I use chromium and it doesn't log me out. It should not be a problem to anyone unless you are using someone else's account. It is one of the more random things for other people.


----------



## Duality Jack (Apr 1, 2014)

Sarukai said:


> I use chromium and it doesn't log me out. It should not be a problem to anyone unless you are using someone else's account. It is one of the more random things for other people.


Chromium is a tad smarter than it's Windows native sibling.


----------



## CallMeCactus (Apr 1, 2014)

HA, I DON'T HAVE A FA!


----------



## Sar (Apr 1, 2014)

Mokushi said:


> Chromium is a tad smarter than it's Windows native sibling.

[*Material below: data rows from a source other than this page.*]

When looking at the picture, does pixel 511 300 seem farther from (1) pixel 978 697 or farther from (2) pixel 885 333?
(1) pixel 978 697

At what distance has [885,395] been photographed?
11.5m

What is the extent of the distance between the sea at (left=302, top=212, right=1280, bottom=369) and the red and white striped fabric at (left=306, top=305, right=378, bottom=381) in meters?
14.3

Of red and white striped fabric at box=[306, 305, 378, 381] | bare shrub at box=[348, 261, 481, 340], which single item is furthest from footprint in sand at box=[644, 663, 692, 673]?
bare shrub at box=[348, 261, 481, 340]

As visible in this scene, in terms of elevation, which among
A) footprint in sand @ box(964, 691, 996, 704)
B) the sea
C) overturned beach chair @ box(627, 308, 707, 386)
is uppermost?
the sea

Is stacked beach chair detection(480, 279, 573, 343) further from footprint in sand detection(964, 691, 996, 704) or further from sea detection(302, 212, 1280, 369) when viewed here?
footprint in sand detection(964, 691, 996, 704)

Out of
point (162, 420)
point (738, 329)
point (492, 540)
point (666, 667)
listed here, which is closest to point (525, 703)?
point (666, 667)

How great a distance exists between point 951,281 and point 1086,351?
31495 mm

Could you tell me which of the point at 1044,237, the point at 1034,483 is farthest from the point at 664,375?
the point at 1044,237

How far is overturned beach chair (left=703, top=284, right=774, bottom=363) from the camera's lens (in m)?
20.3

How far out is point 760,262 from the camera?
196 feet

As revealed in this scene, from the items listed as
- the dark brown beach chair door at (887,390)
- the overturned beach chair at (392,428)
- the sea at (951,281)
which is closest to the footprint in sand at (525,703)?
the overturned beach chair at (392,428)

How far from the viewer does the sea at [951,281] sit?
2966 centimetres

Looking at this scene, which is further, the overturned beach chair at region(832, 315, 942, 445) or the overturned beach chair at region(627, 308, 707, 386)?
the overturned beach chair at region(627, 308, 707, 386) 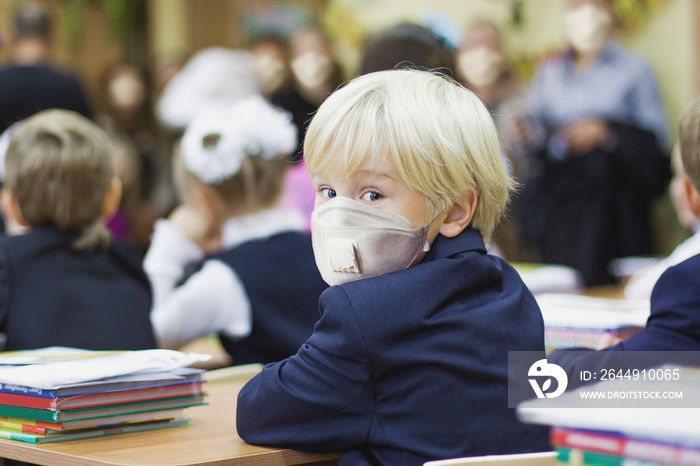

Chromium Browser is better for things since Google somehow fucked up chrome for me.


----------



## Volkodav (Jun 29, 2014)

This still happens. |:
It's been months and it hasn't been fixed.


----------



## Socks the Fox (Jun 29, 2014)

Apparently it's been years, actually. Don't hold your breath on it. I'd say Phoenix would probably have the same bug, but that would imply Phoenix ever getting finished.


----------



## PheagleAdler (Jun 30, 2014)

Socks the Fox said:


> Apparently it's been years, actually. Don't hold your breath on it. I'd say Phoenix would probably have the same bug, but that would imply Phoenix ever getting finished.



if they're building it from the ground up, I think that'd be hard to determine, especially at this point.


----------